Start of Extracted information
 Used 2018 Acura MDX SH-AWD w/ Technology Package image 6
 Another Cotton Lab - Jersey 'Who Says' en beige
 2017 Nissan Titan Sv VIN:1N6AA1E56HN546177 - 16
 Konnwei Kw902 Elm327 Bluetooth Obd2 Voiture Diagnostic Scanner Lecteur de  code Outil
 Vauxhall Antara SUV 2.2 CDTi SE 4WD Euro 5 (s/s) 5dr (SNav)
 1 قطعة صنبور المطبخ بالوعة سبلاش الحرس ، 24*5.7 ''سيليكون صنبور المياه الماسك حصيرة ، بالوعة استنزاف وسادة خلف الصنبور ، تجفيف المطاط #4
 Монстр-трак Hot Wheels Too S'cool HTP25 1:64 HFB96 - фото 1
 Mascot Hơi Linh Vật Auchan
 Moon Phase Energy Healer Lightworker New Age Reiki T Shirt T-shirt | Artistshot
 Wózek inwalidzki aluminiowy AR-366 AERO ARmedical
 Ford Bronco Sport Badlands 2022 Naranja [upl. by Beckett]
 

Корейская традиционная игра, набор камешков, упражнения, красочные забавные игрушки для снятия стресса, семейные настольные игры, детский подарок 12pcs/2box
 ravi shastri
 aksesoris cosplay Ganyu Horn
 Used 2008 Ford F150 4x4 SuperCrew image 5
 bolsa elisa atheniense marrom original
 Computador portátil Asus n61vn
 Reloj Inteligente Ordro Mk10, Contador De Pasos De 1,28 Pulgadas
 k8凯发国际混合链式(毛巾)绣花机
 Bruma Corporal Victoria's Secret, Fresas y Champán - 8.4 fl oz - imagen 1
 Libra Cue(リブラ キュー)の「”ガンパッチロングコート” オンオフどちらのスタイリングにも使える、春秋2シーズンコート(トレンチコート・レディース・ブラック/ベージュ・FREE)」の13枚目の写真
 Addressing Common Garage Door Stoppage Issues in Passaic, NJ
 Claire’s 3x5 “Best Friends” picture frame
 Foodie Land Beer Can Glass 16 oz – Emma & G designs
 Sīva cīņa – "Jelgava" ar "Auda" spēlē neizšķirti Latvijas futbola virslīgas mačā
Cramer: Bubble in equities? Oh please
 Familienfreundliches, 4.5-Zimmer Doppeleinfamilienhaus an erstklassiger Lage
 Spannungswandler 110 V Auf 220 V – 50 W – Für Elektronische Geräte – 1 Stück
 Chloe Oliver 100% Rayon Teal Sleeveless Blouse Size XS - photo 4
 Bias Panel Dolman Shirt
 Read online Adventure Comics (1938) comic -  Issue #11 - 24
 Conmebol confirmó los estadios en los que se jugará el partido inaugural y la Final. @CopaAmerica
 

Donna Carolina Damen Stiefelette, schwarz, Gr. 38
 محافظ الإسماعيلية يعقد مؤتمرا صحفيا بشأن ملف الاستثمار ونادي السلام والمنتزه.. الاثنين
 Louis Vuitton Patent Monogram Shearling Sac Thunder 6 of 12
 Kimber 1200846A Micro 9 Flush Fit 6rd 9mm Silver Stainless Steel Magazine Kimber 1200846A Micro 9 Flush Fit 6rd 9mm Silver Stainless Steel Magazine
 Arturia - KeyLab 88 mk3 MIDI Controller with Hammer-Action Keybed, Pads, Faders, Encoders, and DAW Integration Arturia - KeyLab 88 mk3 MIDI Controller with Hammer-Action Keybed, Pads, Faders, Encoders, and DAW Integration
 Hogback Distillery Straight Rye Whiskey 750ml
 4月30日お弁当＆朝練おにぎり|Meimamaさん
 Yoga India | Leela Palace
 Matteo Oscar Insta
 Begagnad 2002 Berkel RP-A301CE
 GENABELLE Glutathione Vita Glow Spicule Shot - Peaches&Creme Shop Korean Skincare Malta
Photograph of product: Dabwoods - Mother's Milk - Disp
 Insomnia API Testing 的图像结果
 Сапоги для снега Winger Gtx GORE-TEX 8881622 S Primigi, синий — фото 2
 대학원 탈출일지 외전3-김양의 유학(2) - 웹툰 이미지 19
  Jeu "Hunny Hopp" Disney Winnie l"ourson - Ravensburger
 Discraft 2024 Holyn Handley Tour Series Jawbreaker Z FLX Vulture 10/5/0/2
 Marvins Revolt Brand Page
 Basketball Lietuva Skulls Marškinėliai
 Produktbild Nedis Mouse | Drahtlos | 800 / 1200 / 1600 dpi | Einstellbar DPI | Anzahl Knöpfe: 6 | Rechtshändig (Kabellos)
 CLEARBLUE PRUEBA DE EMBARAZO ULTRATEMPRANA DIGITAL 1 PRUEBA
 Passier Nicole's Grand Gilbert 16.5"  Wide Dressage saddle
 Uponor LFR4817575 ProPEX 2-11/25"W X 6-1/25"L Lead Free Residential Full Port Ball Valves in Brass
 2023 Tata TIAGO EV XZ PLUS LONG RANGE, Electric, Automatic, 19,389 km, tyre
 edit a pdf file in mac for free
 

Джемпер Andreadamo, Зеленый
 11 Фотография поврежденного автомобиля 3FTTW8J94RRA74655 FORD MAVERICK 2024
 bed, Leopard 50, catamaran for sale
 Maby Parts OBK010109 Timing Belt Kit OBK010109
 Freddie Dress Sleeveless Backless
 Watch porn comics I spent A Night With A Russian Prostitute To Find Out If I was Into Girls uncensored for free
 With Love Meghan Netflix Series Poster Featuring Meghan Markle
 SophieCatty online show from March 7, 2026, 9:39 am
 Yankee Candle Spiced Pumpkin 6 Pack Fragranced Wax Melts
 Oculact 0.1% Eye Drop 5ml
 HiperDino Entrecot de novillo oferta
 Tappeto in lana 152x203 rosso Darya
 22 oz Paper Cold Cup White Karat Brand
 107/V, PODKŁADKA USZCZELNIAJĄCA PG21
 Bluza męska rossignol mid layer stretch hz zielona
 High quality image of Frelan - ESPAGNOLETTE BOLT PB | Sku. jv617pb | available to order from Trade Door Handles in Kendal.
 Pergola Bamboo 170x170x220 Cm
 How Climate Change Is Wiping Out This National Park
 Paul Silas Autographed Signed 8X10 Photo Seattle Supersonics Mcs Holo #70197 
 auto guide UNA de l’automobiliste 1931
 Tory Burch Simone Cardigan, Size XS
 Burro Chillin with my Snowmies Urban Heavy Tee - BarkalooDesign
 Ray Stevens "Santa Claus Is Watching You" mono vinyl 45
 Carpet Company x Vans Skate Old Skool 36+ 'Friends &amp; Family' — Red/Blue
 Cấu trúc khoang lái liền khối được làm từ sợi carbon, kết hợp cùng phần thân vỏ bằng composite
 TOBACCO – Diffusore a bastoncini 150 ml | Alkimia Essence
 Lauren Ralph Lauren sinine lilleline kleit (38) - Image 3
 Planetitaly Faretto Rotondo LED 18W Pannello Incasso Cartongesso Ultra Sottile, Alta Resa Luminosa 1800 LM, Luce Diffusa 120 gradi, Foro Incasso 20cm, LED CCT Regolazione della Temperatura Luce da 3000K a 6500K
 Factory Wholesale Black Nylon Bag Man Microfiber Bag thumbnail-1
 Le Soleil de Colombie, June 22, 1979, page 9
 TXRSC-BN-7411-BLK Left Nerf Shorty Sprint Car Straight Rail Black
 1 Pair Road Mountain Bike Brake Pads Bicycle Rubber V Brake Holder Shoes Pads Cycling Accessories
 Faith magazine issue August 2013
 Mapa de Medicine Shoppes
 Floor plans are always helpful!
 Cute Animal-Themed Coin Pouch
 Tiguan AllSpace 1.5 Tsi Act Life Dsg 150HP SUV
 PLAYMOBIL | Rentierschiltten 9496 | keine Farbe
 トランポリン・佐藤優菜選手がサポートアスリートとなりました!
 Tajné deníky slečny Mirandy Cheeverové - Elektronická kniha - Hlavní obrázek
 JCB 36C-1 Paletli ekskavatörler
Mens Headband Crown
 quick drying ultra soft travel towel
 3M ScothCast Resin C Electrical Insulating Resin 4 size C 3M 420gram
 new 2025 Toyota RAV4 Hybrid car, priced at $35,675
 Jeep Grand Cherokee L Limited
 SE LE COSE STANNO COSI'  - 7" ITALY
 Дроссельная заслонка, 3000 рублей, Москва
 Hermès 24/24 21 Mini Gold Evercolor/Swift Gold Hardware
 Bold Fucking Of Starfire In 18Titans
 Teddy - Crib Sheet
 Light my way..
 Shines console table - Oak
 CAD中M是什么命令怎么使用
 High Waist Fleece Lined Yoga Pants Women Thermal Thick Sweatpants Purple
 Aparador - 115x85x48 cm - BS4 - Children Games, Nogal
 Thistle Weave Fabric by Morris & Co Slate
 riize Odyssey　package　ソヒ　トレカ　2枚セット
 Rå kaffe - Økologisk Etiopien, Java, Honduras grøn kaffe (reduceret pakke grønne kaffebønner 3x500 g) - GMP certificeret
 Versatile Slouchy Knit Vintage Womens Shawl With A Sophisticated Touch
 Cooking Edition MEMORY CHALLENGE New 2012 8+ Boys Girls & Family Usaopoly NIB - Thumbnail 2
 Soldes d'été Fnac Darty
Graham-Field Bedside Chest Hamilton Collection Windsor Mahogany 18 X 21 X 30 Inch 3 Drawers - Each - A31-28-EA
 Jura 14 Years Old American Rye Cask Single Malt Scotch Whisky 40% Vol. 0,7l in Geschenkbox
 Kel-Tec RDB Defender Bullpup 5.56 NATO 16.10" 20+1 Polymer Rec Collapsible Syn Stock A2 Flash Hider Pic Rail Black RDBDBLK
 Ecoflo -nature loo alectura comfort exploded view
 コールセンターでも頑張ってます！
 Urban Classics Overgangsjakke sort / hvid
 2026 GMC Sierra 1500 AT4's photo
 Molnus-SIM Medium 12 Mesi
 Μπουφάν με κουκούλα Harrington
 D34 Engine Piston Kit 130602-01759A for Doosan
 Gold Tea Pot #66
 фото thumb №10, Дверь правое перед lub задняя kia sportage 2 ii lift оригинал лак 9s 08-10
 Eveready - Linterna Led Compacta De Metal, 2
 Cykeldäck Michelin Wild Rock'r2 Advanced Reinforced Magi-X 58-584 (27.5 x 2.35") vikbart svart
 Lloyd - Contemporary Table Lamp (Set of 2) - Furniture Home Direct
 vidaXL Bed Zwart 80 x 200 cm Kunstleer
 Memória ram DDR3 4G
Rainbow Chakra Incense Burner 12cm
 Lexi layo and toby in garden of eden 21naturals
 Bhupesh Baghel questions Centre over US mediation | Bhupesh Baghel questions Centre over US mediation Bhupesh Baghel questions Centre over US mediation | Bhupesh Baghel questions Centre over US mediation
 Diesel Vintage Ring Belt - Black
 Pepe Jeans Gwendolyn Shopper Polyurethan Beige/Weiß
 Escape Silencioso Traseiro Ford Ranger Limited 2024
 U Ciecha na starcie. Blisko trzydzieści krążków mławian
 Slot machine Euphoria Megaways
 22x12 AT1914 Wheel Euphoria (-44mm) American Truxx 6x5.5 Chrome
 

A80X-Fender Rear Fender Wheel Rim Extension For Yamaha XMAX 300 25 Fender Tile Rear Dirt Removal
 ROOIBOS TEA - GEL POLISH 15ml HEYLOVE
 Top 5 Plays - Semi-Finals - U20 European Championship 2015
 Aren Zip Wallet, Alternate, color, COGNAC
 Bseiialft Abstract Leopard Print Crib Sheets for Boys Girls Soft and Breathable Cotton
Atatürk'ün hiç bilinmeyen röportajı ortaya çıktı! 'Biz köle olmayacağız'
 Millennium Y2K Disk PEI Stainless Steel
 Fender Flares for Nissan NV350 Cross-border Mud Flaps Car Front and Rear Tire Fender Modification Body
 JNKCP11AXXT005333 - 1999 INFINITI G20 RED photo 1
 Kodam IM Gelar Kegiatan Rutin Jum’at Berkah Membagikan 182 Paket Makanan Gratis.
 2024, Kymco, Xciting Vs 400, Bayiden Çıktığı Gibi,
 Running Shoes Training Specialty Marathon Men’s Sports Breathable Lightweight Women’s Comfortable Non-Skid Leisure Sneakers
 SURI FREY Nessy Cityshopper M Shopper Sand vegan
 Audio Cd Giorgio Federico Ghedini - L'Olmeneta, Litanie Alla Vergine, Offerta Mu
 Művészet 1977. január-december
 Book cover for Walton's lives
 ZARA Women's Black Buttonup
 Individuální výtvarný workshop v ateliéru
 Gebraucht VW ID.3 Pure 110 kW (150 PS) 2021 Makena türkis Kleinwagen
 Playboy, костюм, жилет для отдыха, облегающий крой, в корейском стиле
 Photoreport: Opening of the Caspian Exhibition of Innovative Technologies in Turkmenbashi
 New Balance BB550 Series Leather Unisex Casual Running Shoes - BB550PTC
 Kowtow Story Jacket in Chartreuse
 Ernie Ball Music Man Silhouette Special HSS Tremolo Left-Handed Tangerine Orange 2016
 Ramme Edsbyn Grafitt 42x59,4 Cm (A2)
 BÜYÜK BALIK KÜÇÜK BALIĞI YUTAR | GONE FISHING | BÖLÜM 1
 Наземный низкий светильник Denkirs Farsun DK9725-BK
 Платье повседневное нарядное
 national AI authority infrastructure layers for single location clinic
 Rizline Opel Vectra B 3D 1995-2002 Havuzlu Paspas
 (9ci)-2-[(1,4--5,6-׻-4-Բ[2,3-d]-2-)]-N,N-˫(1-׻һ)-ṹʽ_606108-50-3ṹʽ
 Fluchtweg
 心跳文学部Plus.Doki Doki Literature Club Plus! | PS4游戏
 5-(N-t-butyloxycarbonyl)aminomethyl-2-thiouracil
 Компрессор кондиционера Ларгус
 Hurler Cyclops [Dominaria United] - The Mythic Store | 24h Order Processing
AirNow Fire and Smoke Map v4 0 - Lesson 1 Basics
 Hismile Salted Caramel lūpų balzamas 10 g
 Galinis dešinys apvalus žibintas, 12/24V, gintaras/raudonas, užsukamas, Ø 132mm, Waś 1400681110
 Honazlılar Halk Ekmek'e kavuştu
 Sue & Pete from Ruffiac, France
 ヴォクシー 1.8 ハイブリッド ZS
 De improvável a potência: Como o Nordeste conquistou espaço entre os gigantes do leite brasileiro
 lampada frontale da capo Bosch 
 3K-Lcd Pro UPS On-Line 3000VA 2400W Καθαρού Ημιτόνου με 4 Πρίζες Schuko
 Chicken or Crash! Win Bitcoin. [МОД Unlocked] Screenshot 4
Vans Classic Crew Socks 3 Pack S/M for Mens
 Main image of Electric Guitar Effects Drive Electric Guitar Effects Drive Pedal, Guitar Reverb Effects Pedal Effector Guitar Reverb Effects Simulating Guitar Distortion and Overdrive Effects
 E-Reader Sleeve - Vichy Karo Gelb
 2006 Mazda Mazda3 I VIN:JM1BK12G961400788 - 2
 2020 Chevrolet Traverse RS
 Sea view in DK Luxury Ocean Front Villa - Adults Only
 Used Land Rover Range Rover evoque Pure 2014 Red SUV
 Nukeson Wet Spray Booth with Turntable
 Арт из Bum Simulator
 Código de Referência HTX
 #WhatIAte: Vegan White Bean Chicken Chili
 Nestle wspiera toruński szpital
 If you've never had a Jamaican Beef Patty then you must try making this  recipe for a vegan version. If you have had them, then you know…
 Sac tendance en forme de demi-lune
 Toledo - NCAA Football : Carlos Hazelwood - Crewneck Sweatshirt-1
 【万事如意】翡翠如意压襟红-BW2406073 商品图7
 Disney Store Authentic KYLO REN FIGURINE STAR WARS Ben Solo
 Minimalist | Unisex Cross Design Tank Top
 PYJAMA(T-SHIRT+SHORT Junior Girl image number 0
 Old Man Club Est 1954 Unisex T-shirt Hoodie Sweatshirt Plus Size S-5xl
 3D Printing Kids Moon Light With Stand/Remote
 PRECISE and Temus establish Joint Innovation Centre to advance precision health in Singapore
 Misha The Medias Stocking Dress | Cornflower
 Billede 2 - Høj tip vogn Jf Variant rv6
End of Extracted information
Everything above from the line containing "Galinis dešinys apvalus" down to the line containing "Chicken or Crash!" is to be transcribed exactly, with both of those lines included and nothing else added.

Exercise result:
 Galinis dešinys apvalus žibintas, 12/24V, gintaras/raudonas, užsukamas, Ø 132mm, Waś 1400681110
 Honazlılar Halk Ekmek'e kavuştu
 Sue & Pete from Ruffiac, France
 ヴォクシー 1.8 ハイブリッド ZS
 De improvável a potência: Como o Nordeste conquistou espaço entre os gigantes do leite brasileiro
 lampada frontale da capo Bosch 
 3K-Lcd Pro UPS On-Line 3000VA 2400W Καθαρού Ημιτόνου με 4 Πρίζες Schuko
 Chicken or Crash! Win Bitcoin. [МОД Unlocked] Screenshot 4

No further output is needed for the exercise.